China's stability-obsessed Communist rulers often seek to contain anger over the official handling of disasters, fearing that it could spiral into dissent.

Beijing clamped down on criticism in the wake of the Sichuan earthquake, which killed tens of thousands in 2008, and when dozens died in a high-speed rail crash in the eastern city of Wenzhou in 2011.

 Angry scenes 

Relatives of those on board the Eastern Star clashed with police earlier this week, and an angry woman berated officials at a press conference in Jianli on Friday.

A group of relatives from Nanjing, the city in the eastern province of Jiangsu where the boat began its journey, argued with officials from their home town at a meeting in Jianli on Saturday morning, AFP learned.

A city official refused to make clear commitments to families about them receiving the bodies, showing "impatience", a woman at the meeting surnamed Zhang said.
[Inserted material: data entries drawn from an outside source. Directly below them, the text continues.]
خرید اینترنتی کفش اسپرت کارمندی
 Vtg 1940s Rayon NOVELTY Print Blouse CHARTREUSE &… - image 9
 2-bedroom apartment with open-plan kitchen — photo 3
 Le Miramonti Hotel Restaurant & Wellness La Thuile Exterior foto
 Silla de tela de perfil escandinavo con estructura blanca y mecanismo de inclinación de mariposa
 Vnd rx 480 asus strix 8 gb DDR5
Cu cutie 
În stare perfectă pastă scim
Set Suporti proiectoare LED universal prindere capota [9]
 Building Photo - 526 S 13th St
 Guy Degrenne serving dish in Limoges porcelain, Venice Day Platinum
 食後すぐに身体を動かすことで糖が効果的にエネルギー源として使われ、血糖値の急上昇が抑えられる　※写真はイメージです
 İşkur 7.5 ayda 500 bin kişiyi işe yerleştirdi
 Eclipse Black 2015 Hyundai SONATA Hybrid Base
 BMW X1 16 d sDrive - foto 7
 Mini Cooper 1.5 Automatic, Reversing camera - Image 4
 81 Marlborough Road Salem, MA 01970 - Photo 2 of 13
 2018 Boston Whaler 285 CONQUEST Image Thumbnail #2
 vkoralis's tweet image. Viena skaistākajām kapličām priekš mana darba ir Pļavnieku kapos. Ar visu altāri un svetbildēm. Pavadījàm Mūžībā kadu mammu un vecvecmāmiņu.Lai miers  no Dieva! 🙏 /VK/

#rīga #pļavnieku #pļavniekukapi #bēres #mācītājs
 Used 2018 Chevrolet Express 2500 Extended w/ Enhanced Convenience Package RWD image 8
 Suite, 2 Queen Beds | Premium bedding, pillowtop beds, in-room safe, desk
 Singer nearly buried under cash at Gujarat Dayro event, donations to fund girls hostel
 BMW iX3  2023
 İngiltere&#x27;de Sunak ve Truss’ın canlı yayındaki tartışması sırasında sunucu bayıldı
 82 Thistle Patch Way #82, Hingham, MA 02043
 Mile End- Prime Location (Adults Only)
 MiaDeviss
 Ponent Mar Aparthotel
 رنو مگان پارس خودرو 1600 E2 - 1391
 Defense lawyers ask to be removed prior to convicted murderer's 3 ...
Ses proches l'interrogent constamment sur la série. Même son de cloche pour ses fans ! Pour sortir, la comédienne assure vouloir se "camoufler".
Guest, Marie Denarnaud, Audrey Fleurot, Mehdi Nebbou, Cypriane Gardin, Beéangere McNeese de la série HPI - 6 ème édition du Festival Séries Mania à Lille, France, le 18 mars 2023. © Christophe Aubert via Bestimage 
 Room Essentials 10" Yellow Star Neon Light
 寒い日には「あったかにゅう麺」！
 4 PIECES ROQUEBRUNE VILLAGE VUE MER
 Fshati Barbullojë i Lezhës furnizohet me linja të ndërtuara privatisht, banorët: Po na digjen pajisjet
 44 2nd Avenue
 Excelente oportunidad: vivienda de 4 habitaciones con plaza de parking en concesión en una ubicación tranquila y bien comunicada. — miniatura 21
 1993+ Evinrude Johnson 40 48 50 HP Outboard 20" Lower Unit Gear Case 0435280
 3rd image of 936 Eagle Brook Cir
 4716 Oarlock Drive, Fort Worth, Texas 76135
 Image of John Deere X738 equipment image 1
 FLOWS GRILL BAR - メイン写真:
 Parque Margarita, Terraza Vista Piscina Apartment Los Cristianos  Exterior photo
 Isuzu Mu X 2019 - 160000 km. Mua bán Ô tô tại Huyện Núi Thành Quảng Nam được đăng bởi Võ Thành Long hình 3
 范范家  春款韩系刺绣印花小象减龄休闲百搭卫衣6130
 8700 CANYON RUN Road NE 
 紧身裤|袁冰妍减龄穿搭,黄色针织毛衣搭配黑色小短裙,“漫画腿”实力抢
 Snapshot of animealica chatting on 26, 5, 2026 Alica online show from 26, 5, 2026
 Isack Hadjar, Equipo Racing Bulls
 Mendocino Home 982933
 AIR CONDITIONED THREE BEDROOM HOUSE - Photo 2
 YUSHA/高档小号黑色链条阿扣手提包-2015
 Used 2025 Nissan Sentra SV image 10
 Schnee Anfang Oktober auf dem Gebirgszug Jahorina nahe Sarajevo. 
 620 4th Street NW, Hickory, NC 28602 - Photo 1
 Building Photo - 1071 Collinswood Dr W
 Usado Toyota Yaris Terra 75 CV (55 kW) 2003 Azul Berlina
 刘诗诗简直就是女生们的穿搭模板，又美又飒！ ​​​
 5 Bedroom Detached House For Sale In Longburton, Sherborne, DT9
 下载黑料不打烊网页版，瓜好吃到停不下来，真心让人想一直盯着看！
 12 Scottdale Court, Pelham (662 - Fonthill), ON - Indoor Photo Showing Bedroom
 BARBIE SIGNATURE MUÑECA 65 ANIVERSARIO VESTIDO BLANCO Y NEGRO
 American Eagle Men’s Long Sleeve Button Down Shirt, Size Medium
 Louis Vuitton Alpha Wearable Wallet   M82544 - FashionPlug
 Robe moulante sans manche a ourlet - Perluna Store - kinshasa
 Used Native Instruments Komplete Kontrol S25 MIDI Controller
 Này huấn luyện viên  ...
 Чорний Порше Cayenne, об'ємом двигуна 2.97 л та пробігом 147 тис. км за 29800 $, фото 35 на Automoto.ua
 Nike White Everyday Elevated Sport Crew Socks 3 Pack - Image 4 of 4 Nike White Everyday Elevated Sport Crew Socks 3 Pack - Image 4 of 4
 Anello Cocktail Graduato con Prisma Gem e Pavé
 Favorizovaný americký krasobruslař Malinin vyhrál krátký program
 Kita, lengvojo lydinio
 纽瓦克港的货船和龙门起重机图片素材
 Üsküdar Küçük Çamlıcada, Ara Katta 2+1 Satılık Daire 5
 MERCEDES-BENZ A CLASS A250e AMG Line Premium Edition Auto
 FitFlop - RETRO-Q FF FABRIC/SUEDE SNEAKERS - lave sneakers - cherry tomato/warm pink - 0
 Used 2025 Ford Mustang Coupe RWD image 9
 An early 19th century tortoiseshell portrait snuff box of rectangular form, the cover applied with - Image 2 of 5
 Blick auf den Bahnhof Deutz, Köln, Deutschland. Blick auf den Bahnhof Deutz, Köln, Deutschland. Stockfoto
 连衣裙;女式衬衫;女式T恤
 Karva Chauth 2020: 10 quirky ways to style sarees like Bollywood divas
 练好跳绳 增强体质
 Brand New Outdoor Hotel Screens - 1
He responded to questions by telling relatives they should do his job if they were not satisfied, she added.

Family members who emerged from the meeting looked visibly upset as they hugged each other and walked away arm in arm, shaking their heads.

Other relatives who had arrived in Jianli were growing impatient at the lack of information and the lack of access to the disaster zone.

"We have come all this way, but all we are doing is waiting," said Jin Weifeng, who travelled from Shanghai to seek news of his mother-in-law Wang Shuisheng.

A petition posted by family members on social media service WeChat called for "key state leaders" to apologise, an investigation, compensation and the "death sentence" for the ship's captain -- one of the few survivors of the disaster -- who is in police custody.

Local reports said other ships in the area on the day of the accident had dropped anchor after a warning of heavy storms, but the Eastern Star continued on.

More than 3,400 soldiers and 1,700 paramilitary police are part of the rescue effort, Xinhua reported, with the Transport Ministry saying Saturday that 254 additional vessels and more than 2,500 people would join the search operation.